Proverbs & Short Articles


It is the Lord’s work we are to be concerned with, not our own vindication. It does not matter if I am misrepresented. It does matter if the Lord is misrepresented.

The apostle Paul was a minister, both of the Gospel (see Col. 1: 23), and of the Church (see vs. 24, 25). He was a balanced servant, never emphasising one aspect of the truth to the detriment of another.

Sometimes we meet so–called Bible experts; sometimes we meet people who know such Bible experts; the fact is, there are no experts—we are all students.

Ministry read as the last word on the subject is ministry mis–read.

Sorrow and shame can be are only reaction when we ponder church history; joy and exultation will be our feeling when we consider all that Christ has done and will do. 

No amount of failure alters divine truth.

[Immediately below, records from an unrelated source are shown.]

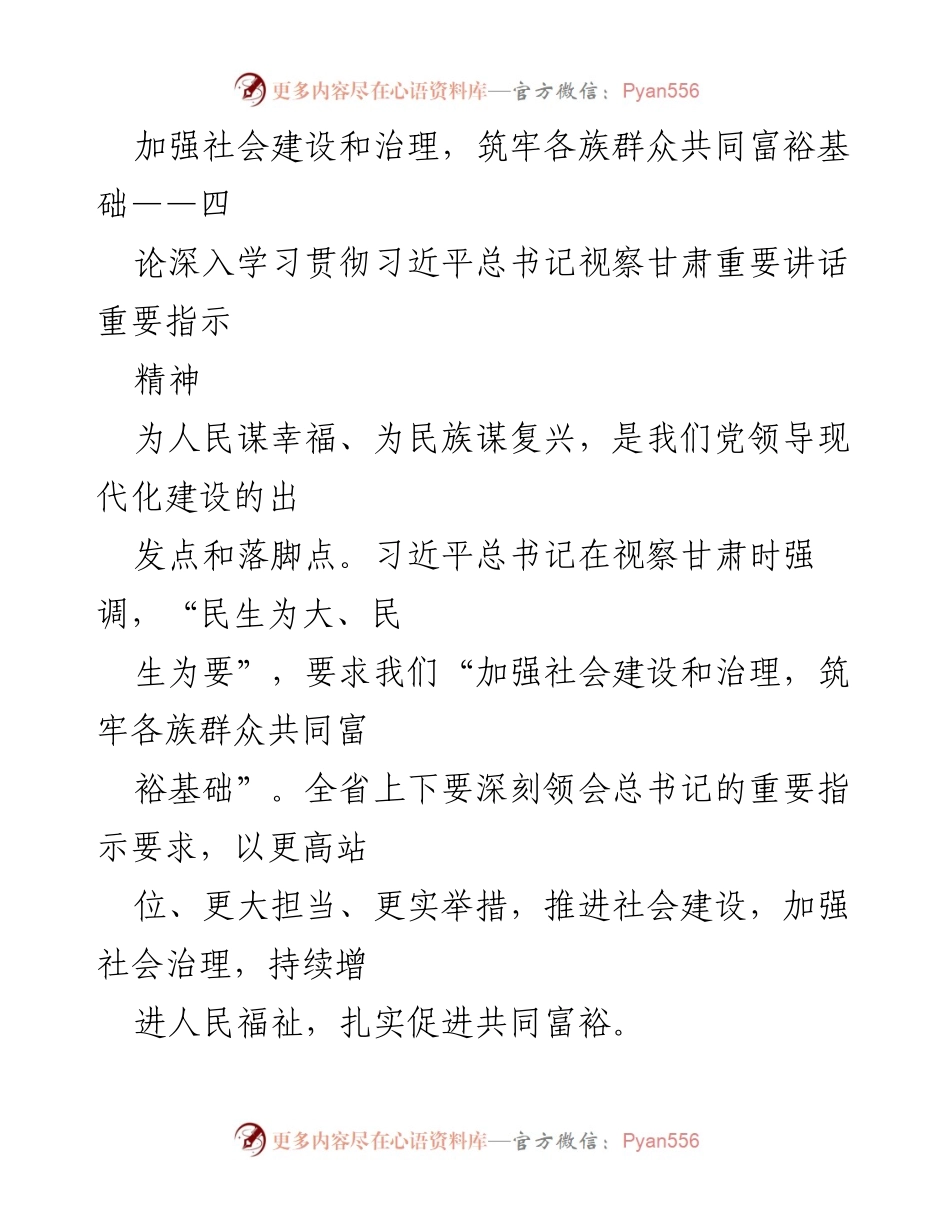 [工作总结] 社会建设与治理 - 深入学习贯彻习近平总书记重要讲话精神，推动共同富裕与民生改善.docx_第1页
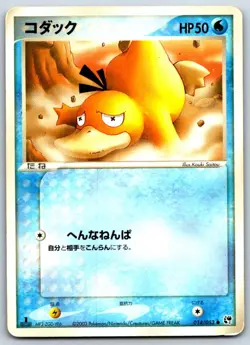 Psyduck - Miracle of the Desert 014/053 1st Ed Vintage Pokemon Card MP - Image 1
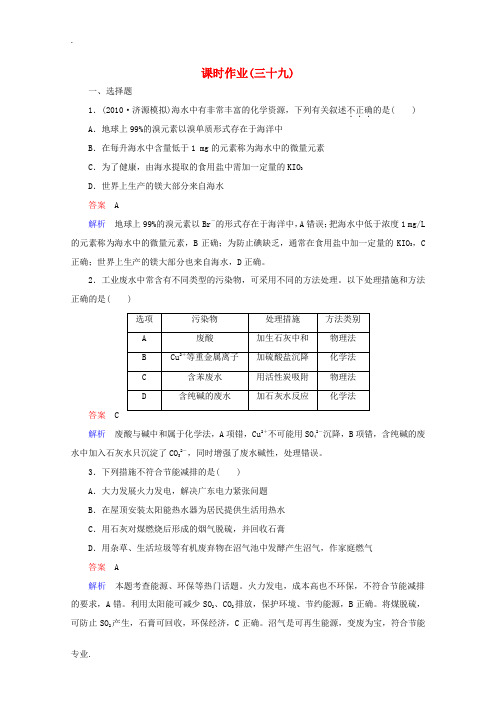 河北省行唐县第一中学高三化学调研复习 课时作业(三十九)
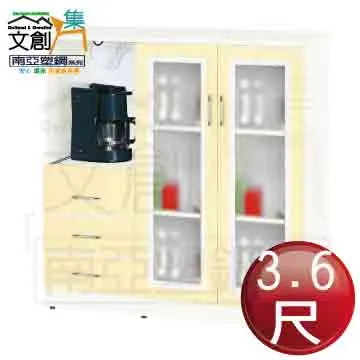 可雅【南投溪頭館-好呆莊主題露營體驗莊園(蘿西的家)】(板橋，新莊，中壢可面交，購買前請加官賴:@iop99000詢問 歷史價格詳細信息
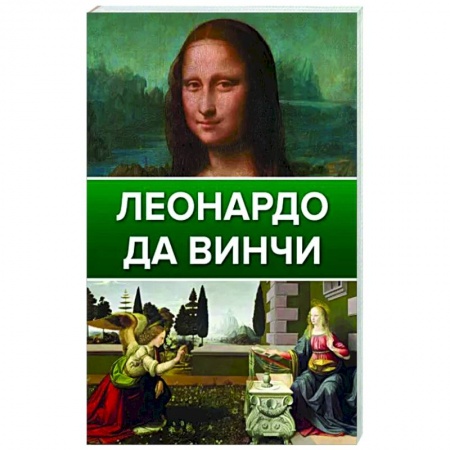 Культура, искусство, книга Леонардо Да Винчи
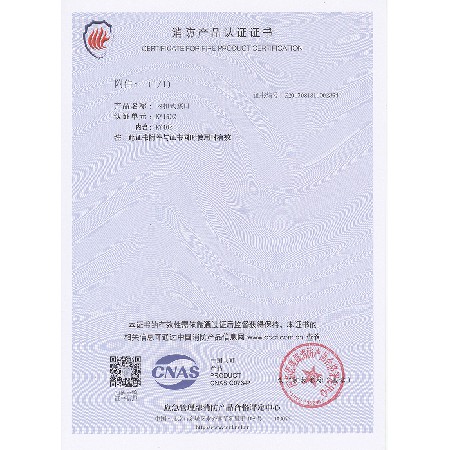資質(zhì)證書16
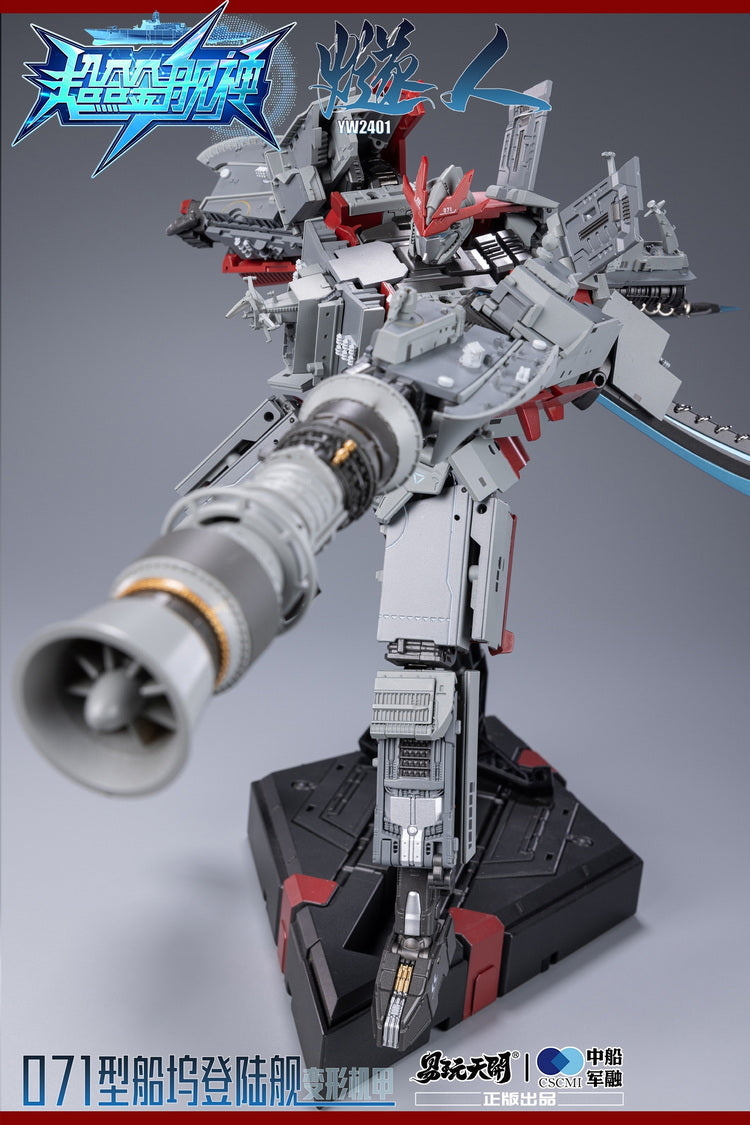 ToysEasy YW2401 Model of Type 071 SuiRen Dock Landing Ship Toy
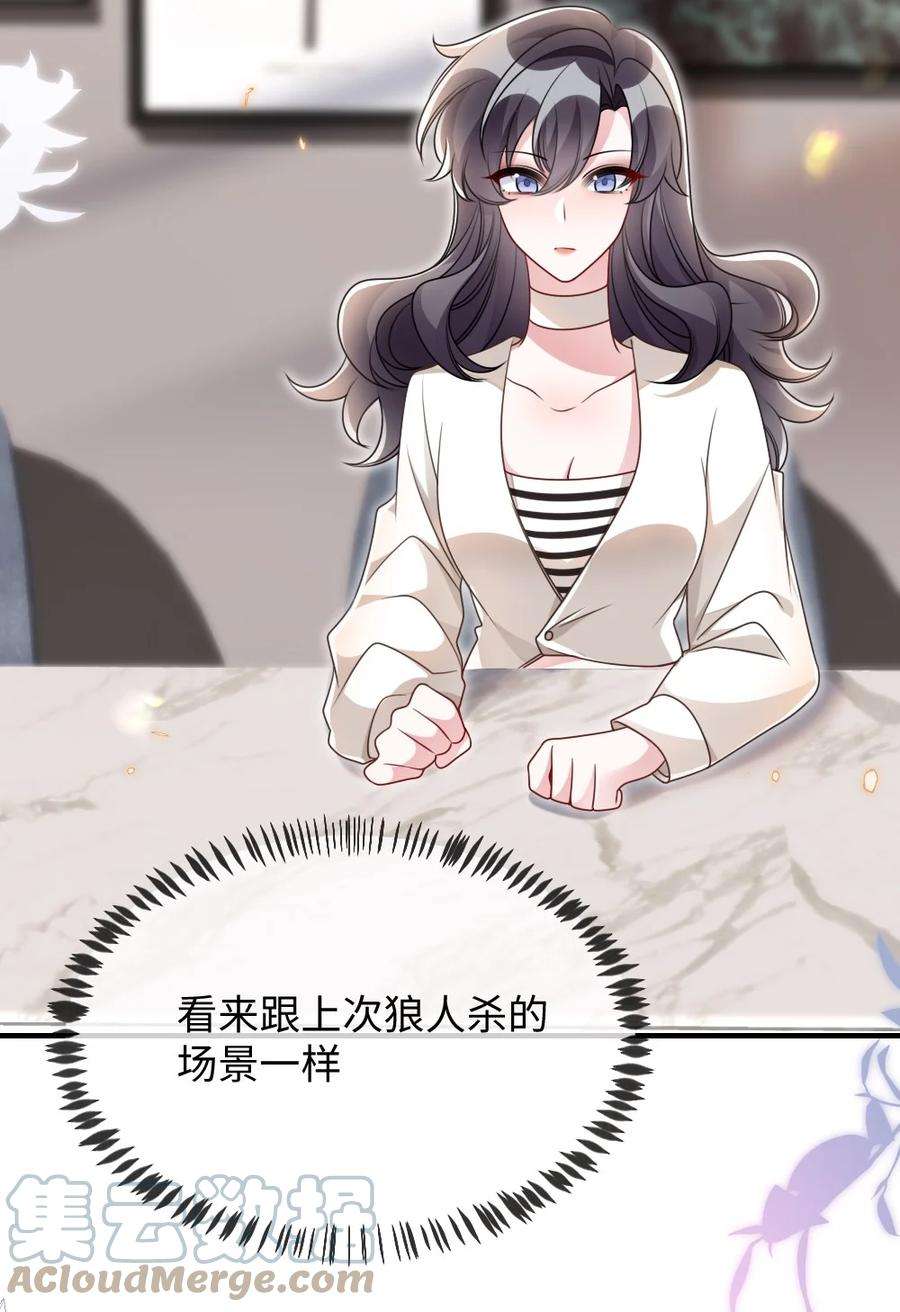 盛世妆娘：妆者攻略054 白熊嚎叫的陷阱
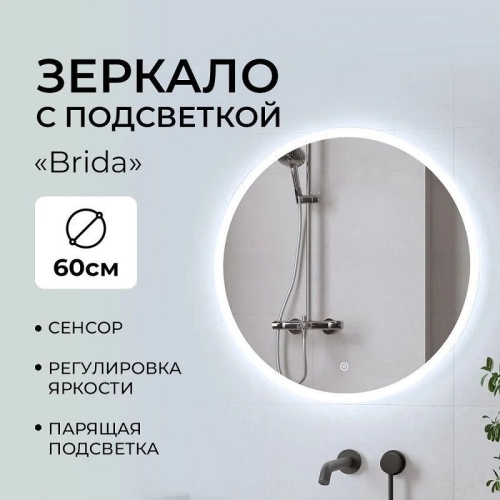 Зеркало Continent Brida Led d 600 с сенсором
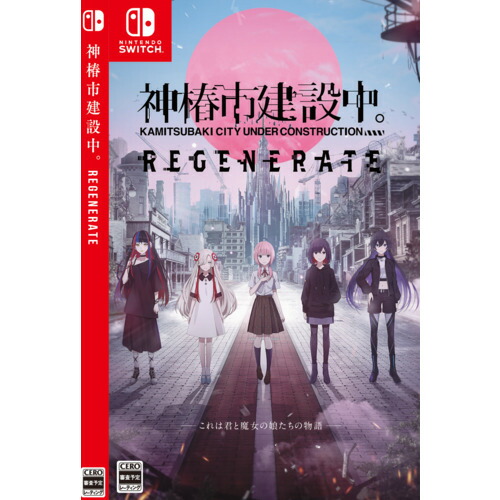 神椿市建設中。REGENERATE Nintendo Switch HAC-P-BKY5A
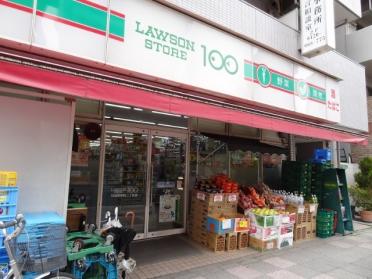 ローソンストア100川崎南幸町二丁目店：178m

We today are as responsible as our fathers were to go back to that which is written and act in faith upon it.

The Lord is personally interested in me with an interest that is unwavering and unending.

Serving the Lord is not a question of being busy but of obedience.

Under the old covenant, there was “a calling to mind of sins yearly” (Heb. 10: 3); under the new covenant, “their sins and their lawlessnesses I will never remember any more” (v17).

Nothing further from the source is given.